What to produce - An exact copy is needed of each line from the one including "Camiseta Retro Home Tottenham Hotspur 92/93" through the last line of the entries, both ends counted, with nothing added.

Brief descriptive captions
..........
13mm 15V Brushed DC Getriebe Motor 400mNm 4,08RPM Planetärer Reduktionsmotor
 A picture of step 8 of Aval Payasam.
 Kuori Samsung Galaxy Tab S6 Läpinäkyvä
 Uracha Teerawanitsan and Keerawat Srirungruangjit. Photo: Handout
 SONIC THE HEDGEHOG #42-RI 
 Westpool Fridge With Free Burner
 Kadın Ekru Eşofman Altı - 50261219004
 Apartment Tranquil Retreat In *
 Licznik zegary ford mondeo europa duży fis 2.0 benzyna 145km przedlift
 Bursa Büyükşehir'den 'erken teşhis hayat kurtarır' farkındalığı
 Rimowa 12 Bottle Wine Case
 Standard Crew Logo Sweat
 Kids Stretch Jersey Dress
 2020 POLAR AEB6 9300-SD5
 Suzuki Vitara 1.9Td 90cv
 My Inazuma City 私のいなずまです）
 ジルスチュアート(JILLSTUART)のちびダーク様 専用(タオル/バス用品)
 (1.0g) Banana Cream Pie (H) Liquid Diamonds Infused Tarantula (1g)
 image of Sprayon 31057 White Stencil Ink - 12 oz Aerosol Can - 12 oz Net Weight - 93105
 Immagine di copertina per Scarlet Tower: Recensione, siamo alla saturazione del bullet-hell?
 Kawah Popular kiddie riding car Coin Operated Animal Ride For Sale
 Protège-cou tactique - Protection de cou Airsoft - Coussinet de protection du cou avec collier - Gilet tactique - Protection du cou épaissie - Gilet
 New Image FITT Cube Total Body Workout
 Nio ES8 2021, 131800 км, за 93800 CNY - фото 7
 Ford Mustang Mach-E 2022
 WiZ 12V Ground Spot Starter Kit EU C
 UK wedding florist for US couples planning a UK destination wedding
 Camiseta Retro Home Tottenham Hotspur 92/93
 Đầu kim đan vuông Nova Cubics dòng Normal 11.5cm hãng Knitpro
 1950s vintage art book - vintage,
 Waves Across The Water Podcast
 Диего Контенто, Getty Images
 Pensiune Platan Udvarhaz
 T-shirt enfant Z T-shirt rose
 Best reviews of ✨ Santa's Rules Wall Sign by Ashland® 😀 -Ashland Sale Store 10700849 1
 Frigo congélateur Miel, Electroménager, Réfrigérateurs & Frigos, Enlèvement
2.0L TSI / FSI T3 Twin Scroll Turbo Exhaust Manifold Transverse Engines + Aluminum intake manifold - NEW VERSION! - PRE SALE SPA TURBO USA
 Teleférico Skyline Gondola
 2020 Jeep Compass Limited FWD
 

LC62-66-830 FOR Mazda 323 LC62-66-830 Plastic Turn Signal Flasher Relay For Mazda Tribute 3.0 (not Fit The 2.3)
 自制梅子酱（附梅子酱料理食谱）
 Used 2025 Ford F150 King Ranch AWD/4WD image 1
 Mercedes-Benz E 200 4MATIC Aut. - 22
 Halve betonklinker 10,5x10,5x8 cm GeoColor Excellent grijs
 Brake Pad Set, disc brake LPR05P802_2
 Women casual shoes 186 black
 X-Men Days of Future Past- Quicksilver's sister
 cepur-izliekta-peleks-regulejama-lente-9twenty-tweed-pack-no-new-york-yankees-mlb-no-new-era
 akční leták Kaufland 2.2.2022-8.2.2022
..........
Solution to this task -
 Camiseta Retro Home Tottenham Hotspur 92/93
 Đầu kim đan vuông Nova Cubics dòng Normal 11.5cm hãng Knitpro
 1950s vintage art book - vintage,
 Waves Across The Water Podcast
 Диего Контенто, Getty Images
 Pensiune Platan Udvarhaz
 T-shirt enfant Z T-shirt rose
 Best reviews of ✨ Santa's Rules Wall Sign by Ashland® 😀 -Ashland Sale Store 10700849 1
 Frigo congélateur Miel, Electroménager, Réfrigérateurs & Frigos, Enlèvement
2.0L TSI / FSI T3 Twin Scroll Turbo Exhaust Manifold Transverse Engines + Aluminum intake manifold - NEW VERSION! - PRE SALE SPA TURBO USA
 Teleférico Skyline Gondola
 2020 Jeep Compass Limited FWD
 

LC62-66-830 FOR Mazda 323 LC62-66-830 Plastic Turn Signal Flasher Relay For Mazda Tribute 3.0 (not Fit The 2.3)
 自制梅子酱（附梅子酱料理食谱）
 Used 2025 Ford F150 King Ranch AWD/4WD image 1
 Mercedes-Benz E 200 4MATIC Aut. - 22
 Halve betonklinker 10,5x10,5x8 cm GeoColor Excellent grijs
 Brake Pad Set, disc brake LPR05P802_2
 Women casual shoes 186 black
 X-Men Days of Future Past- Quicksilver's sister
 cepur-izliekta-peleks-regulejama-lente-9twenty-tweed-pack-no-new-york-yankees-mlb-no-new-era
 akční leták Kaufland 2.2.2022-8.2.2022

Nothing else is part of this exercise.